* **Supplied records**:
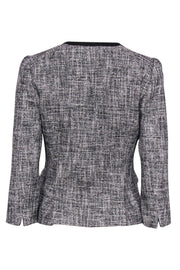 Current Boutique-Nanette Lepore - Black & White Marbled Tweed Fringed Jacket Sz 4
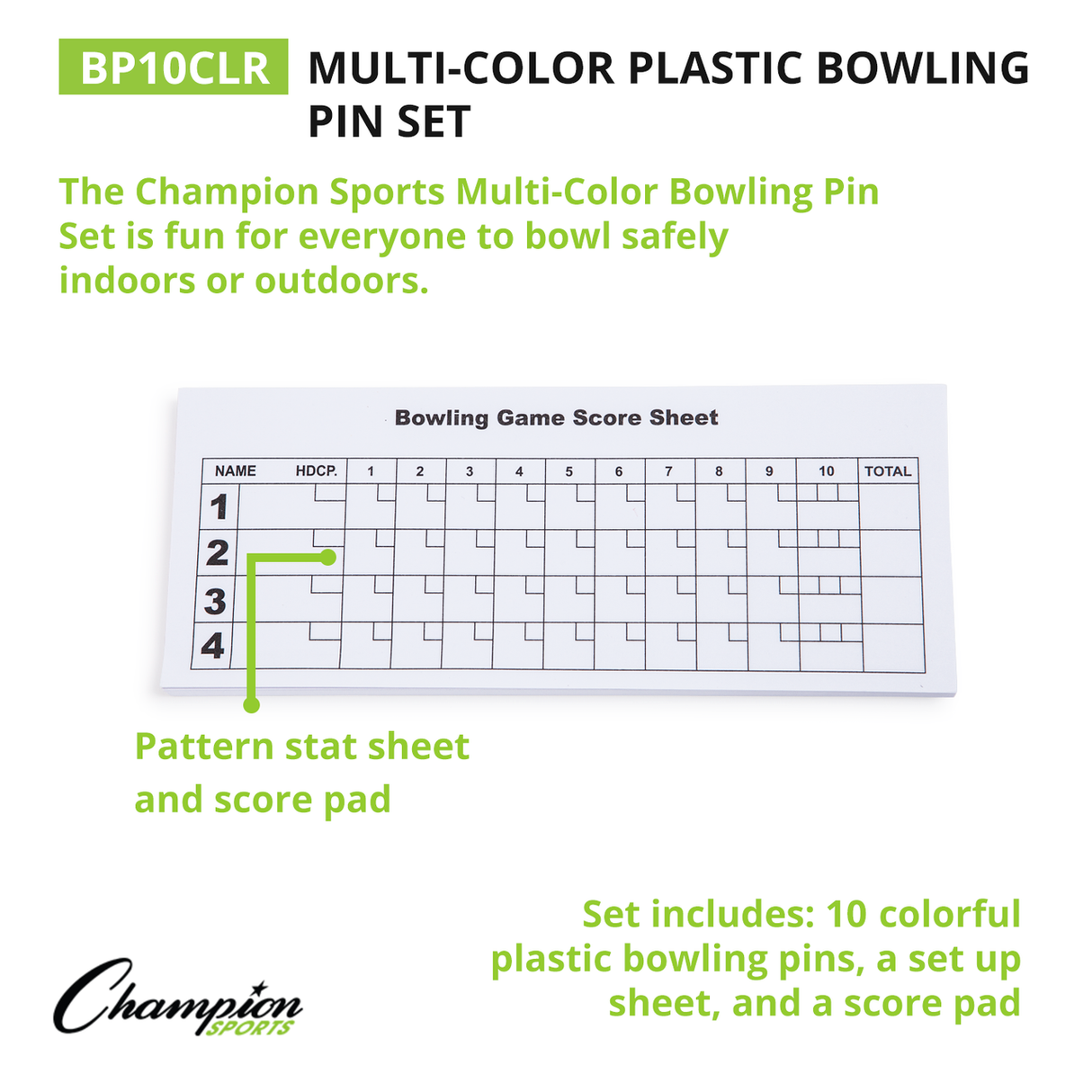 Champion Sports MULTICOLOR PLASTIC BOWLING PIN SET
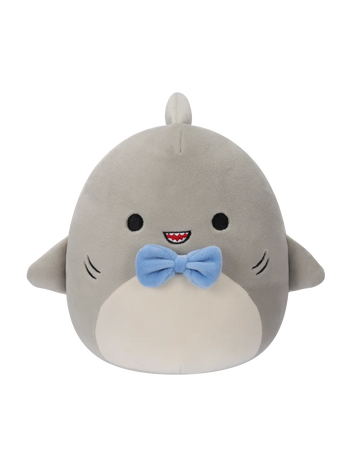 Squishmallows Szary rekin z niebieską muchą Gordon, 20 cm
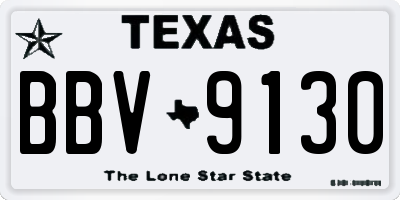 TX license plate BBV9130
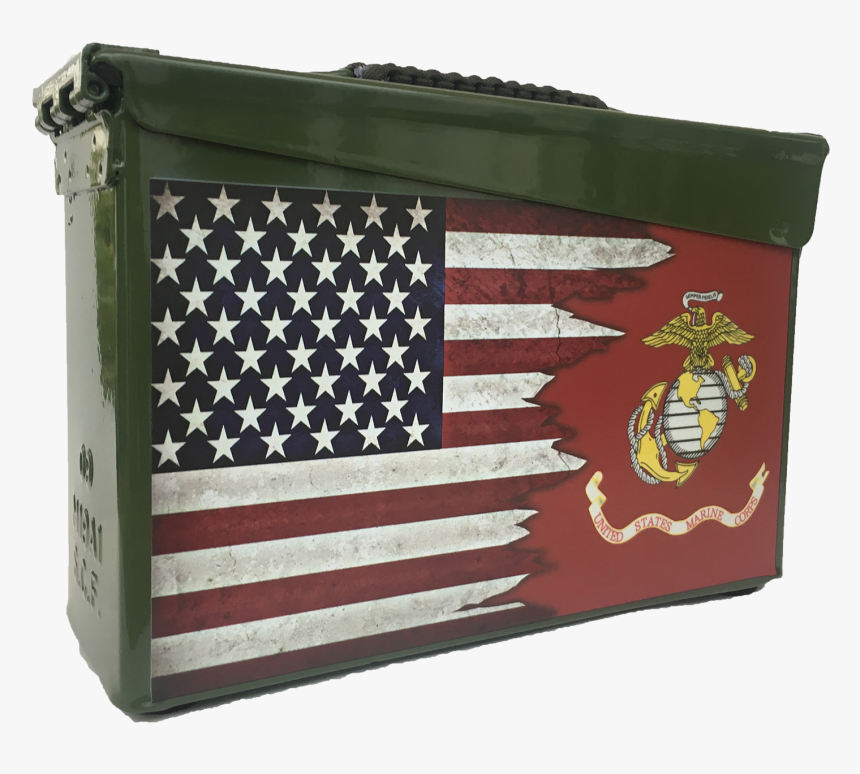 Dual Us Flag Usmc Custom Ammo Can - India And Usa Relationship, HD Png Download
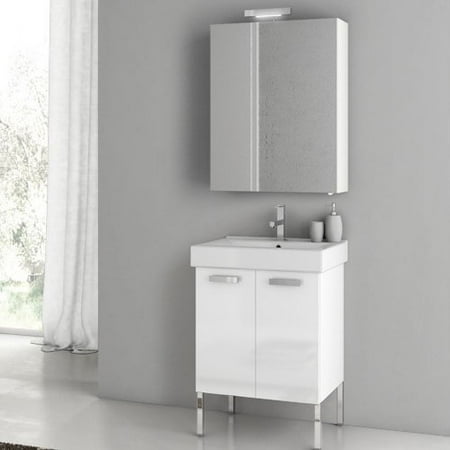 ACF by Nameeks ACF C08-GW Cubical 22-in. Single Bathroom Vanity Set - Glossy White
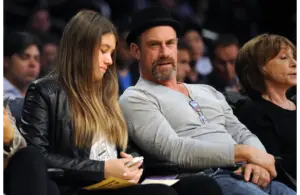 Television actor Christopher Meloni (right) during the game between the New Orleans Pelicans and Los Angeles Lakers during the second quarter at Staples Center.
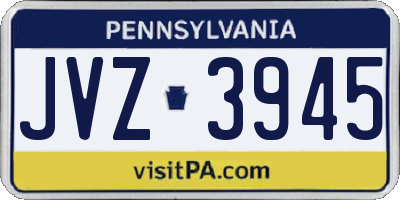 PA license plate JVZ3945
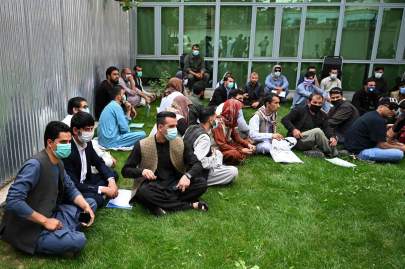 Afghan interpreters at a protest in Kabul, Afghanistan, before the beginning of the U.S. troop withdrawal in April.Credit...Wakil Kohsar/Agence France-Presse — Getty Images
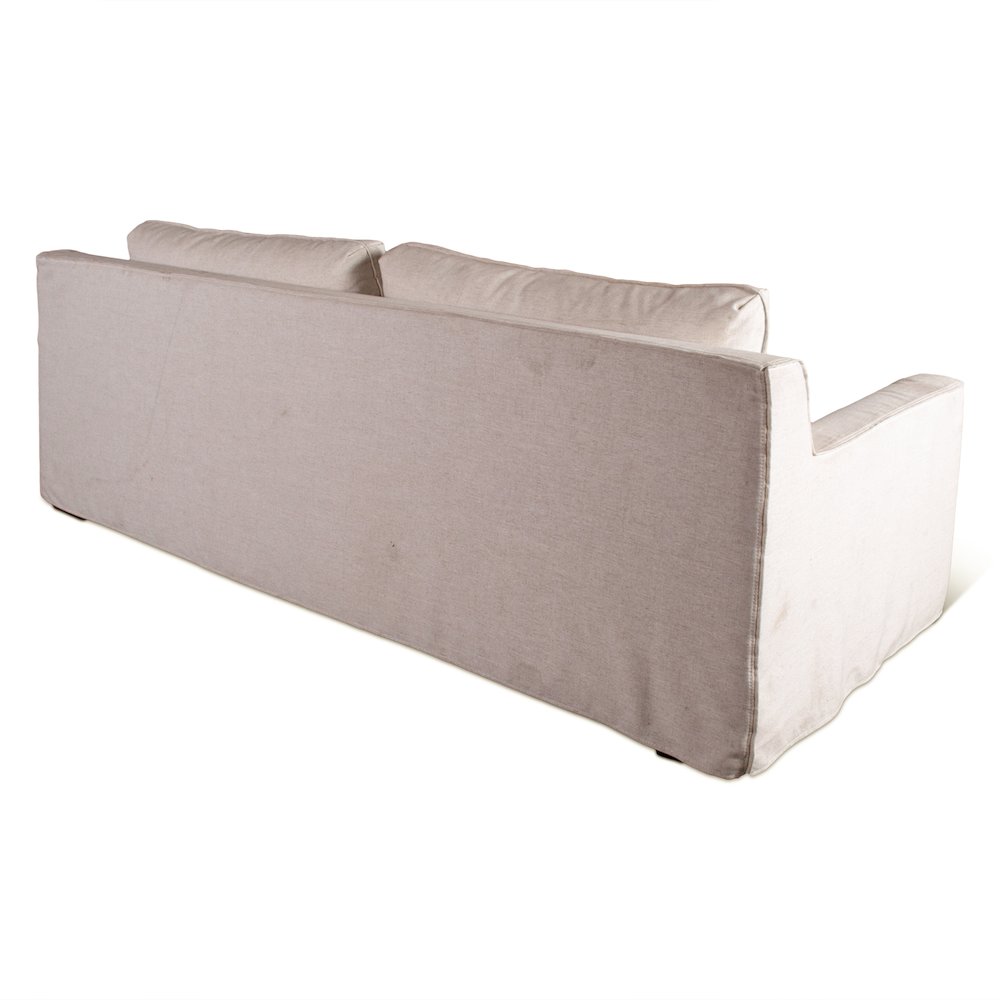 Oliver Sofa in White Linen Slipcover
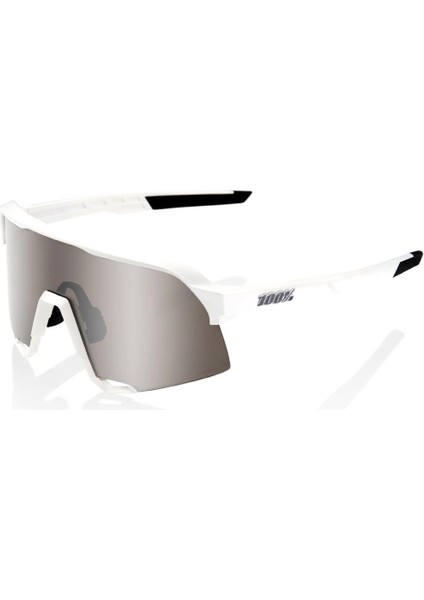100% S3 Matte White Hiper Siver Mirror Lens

* **The task**:
Transcribe exactly the lines above, running from the one that contains "Dual Us Flag" through the final line of the listing, and skip every picture.

* **Response area**:
 Dual Us Flag Usmc Custom Ammo Can - India And Usa Relationship, HD Png Download
 ACF by Nameeks ACF C08-GW Cubical 22-in. Single Bathroom Vanity Set - Glossy White
 Television actor Christopher Meloni (right) during the game between the New Orleans Pelicans and Los Angeles Lakers during the second quarter at Staples Center.
 PA license plate JVZ3945
 Afghan interpreters at a protest in Kabul, Afghanistan, before the beginning of the U.S. troop withdrawal in April.Credit...Wakil Kohsar/Agence France-Presse — Getty Images
 Oliver Sofa in White Linen Slipcover
100% S3 Matte White Hiper Siver Mirror Lens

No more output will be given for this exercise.